Vous savez tout cela ? Oui et aussi l’exécution du traître Theugels, n’est-ce pas ? Ce soir-là, j’assurais la protection de V … avec G …, B … et F … Au moment où le fameux rexiste frappait à la porte de l’arsenal des pompiers où sa voiture était garée, V … l’abattit de trois balles de révolver. Puis, nous partîmes chacun de notre côté.

Nous avons eu moins de chance vis-à-vis du bandit De Heug, à Mont-sur-Marchienne. L’individu se présenta à une fenêtre de l’étage et l’un de nous fit feu prématurément. De Heug ne fut pas atteint et le lâche l’éclipsa prestement. En désespoir de cause, nous lançâmes une grenade dans la maison avec un piètre résultat, je dois l’avouer…

En ce qui concerne Demaret de Ransart, vous êtes certainement au courant.

Que je vous parle de l’affaire de Luttre ? Pas très compliquée. Nous étions dix et nous procédions tranquillement au dynamitage d’une dizaine de locomotives, d’une grue et de la centrale électrique. Cependant que deux ou trois de nos hommes maintenaient sous bonne garde les ouvriers rencontrés dans les ateliers. Non, nous ne vîmes pas d’Allemands mais on m’a dit que des soldats se trouvant çà et là dans les environs coururent se mettre à l’abri dès les premières explosions.

Nous avons aussi exécuté une action du même genre à Bellecourt mais alors quinze partisans furent mobilisés. Résultat : dix locomotives démantibulées et pour employer nos dernières cartouches, nous avons fait sauter un aiguillage.

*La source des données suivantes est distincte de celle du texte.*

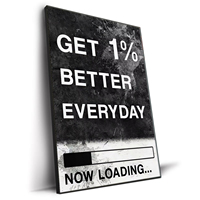 Oeuvre de motivation Mots de succès Décoration Image Poster Toile personnalisée Art mural sans cadre Impressions HD pour le salon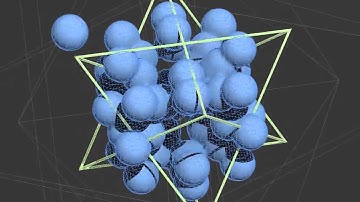 Merkaba Field 3 axis counter rotating forces PART 2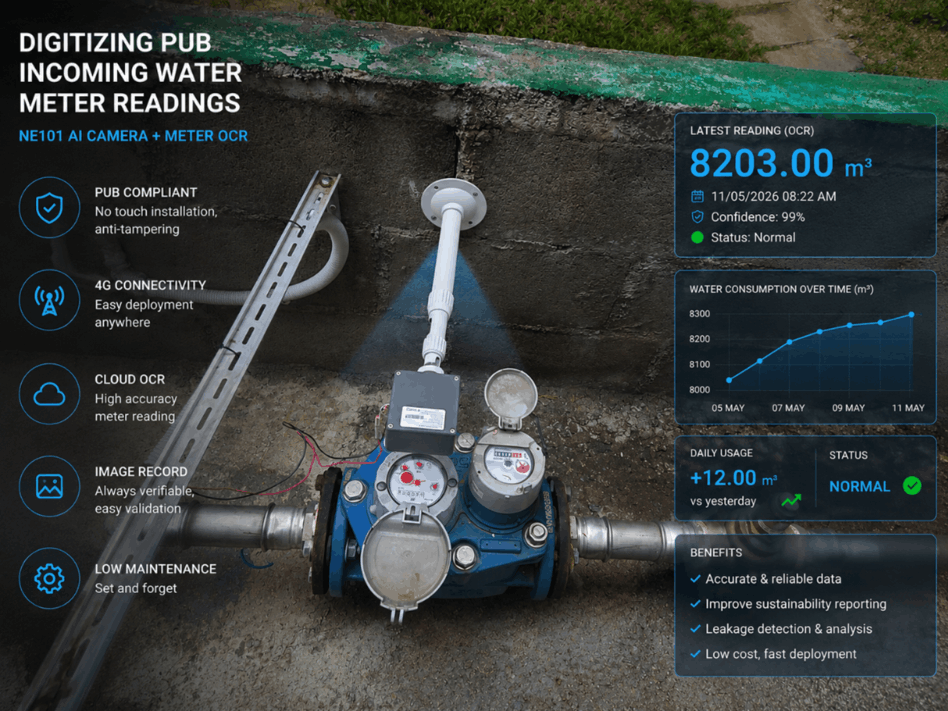 MeterOCR AI camera for PUB water meter reading Singapore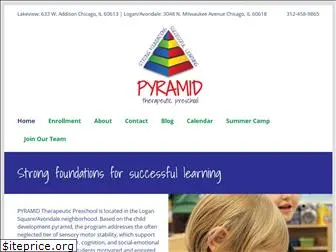 pyramidprek.com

Vous ai-je parlé du charbonnage du Petit-Try de Lodelinsart ? Comme au Cazier, nous avions mis la main sur 300 kilos d’explosifs et ensuite, nous avons fait sauter les machines d’extraction. Nous nous étions réunis par petits groupes dans le bosquet proche du charbonnage, en tout une vingtaine de P.A. Deux hommes manquaient à l’appel : ils s’étaient trompés de route. Je me souviens de quelques noms : V …, F …, W … et le beau-frère de ce dernier dont je n’ai retenu que le nom de guerre : Titi. La plupart d’entre nous étaient armés de révolvers mais quelques hommes ne possédant que des matraques.

Vers minuit, nous nous approchâmes. V … escalada le muret s’empressa d’ouvrir la porte. J’entrai aussitôt et nous maitrisâmes le gardien se trouvant dans ce que j’appellerai le corps de garde. Tous les camarades entrèrent à leur tour et nous arrêtâmes l’un après l’autre les veilleurs effectuant leur ronde et les ouvriers travaillant à la surface.

Je dois dire que tous ces gens firent preuve de bonne compréhension. Nous les fîmes descendre dans les sous-sols et l’action proprement dite fut alors entreprise. Il est impossible de-vous conter tous les détails car je restai de garde à l’entrée. Mais ce que je peux vous dire c’est qu’à mi-temps de l’opération, deux gendarmes se présentèrent à la porte du charbonnage. Ils y furent désagréablement surpris de l’accueil mais, bon gré mal gré, ils durent se soumettre. Un révolver braqué vous inspire souvent la docilité. Les braves pandores furent donc conduits après des autres prisonniers. Ils protestèrent bien rageusement mais en fin de compte, ils se résignèrent.

Comme je vous l’ai dit, nos hommes remontèrent de la mine 375 kilos de dynamite dont 300 kg servirent à la destruction des machines. Bien entendu, le reste fut emporté pour nos besoins ultérieurs.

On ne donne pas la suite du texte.